Sono scomparsi gli araldi della Brexit targati Ukip, hanno sofferto i liberal-democratici, perso seggi gli indipendentisti scozzesi di Nicolas Sturgeon, Theresa May ha vinto le elezioni ma lasciando a casa decine di candidati. I labour di Corbyn sembrerebbero i veri vincitori, ma agli atti hanno perso. Chi ha vinto veramente le elezioni del 9 giugno? Secondo il professor Begg, non c’è dubbio che solo gli unionisti del DUP guidati da Arlene Foster possano gongolare sugli allori. Permettendo alla May di formare un governo godranno di un potere decisionale senza precedenti: “Supporteranno il governo sulle questioni del budget, su tutto il resto valuteranno caso per caso” spiega Begg, prevedendo che fra le richieste del Dup ci sarà “una mitigazione delle misure conservatrici di welfare e più spesa pubblica per l’Irlanda del Nord”. Sulla Brexit non ci sono troppe divergenze fra i due partiti. Gli unionisti “vorranno una Brexit più soft, con un controllo dei confini meno severo”, ma anche l’assoluta opposizione a qualsiasi referendum di unificazione fra le due Irlande: tra le uscite che più avevano terrorizzato il DUP schierandolo tra i partiti pro-Brexit, aveva infatti pesato la dichiarazione di Bruxelles che, qualora l’Irlanda si fosse riunificata, anche il Nord sarebbe entrato nell’Unione Europea. Sulla vittoria di Pirro della May hanno pesato, a detta del prof. Begg, una serie di gravi errori: prima di tutto la fretta inspiegabile per correre alle elezioni anticipate, guidata da un’eccessiva fiducia nei sondaggi che davano i Tories a 20 punti da Corbyn, e poi ancora la latitanza della May durante i dibattiti pubblici e il suo scarso appeal mediatico.
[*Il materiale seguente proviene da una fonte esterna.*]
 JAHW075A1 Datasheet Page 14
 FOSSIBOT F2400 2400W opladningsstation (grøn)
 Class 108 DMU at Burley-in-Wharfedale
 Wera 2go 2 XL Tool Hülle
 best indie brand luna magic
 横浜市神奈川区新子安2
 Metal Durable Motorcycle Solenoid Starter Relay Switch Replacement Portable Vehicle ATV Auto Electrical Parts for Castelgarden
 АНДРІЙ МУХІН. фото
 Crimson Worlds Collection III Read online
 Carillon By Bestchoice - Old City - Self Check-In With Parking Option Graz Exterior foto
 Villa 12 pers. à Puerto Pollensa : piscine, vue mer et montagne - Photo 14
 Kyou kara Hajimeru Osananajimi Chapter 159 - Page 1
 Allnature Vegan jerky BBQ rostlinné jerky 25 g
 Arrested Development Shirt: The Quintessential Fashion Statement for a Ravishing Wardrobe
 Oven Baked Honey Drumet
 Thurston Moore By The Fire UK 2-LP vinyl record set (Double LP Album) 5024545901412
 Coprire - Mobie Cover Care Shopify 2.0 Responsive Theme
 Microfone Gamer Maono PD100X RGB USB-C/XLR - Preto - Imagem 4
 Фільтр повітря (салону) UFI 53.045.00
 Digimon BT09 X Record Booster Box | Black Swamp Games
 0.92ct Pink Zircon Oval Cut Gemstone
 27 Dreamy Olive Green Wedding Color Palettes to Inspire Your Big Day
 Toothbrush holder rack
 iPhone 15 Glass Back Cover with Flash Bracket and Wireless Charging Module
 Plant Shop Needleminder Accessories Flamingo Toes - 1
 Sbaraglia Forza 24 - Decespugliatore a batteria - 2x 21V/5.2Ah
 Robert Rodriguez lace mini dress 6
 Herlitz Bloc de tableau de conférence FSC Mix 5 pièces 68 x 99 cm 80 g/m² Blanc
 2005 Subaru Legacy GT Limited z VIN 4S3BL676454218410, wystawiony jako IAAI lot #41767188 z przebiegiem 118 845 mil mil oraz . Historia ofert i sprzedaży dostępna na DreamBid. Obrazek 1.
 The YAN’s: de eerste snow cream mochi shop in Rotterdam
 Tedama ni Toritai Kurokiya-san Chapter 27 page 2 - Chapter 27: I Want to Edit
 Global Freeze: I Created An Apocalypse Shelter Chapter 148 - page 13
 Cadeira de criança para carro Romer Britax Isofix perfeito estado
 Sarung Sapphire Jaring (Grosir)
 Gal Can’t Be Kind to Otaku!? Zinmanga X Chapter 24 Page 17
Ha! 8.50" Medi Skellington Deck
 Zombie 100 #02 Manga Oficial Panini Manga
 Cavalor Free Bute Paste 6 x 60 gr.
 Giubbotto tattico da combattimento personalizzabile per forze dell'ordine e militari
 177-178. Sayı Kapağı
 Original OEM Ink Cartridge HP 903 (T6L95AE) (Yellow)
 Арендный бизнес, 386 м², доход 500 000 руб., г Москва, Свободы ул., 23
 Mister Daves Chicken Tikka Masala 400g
Quel che è certo, come conferma il diplomatico O’Flaherty, è che dalla settimana prossima Downing Street riprenderà i negoziati Brexit, che entreranno nel vivo e rimarranno la priorità assoluta nell’agenda britannica. Cosa deve aspettarsi l’Ue? Per il n. 2 di Banca d’Italia Signorini, che il 26 aprile aveva riferito in un’audizione alla Camera degli effetti economici della Brexit, “lo scenario meno probabile è quello di un accordo con l’Ue in stile Efta o Eea, perché sarebbe l’ipotesi meno consigliabile”. Rimane invece aperta la possibilità che il Regno Unito divenga un paese terzo alla stregua di tutti gli stati non-Ue, sottoponendo la regolamentazione degli scambi commerciali al Wto (World Trade Organization), ma sarebbe “una Brexit molto dura, senza neanche un accordo commerciale”. Parlando ai parlamentari in aprile, Signorini aveva minimizzato l’impatto Brexit sull’Italia, assicurando che “non c’è motivo di aspettarsi grandi ripercussioni dirette e immediate sull’economia e sul sistema bancario” e che “le relazioni finanziarie italiane con il Regno Unito risultano meno strette rispetto a quelle degli altri principali paesi europei, sia per gli investimenti di portafoglio sia per quelli diretti”. Meno ottimista appare Stefano Micossi, che guarda preoccupato al ridimensionamento della City of London, centro finanziario di livello non solo europeo ma globale: “gli obiettivi dei mercati finanziari europei sono tutti a Londra, non stiamo parlando di qualche transazione. Non bisogna scordarsi il costo di smantellare un intero mercato”.

Tre sono gli scenari che Begg prevede per la Brexit sulla scia delle elezioni. In un primo caso, Theresa May rimane in carica e guida i negoziati, insiste sul controllo dell’immigrazione e tira fuori il Regno Unito dalla Corte di Giustizia Europea. Ma in questo caso Begg prevede “un empasse sul divorce bill”, ovvero il conto da pagare all’UE per la Brexit. In un secondo scenario May sacrificherà il tema immigrazione e darà priorità alla permanenza nel mercato unico, anche se non è chiaro se in tal caso il Regno Unito resterebbe anche nell’unione doganale o meno. Il terzo scenario possibile è infine quello di un passo indietro sull’art. 50, che rimetterebbe in gioco la Brexit. A Downing Street come a Bruxelles però questa evenienza è vista come pura fantascienza.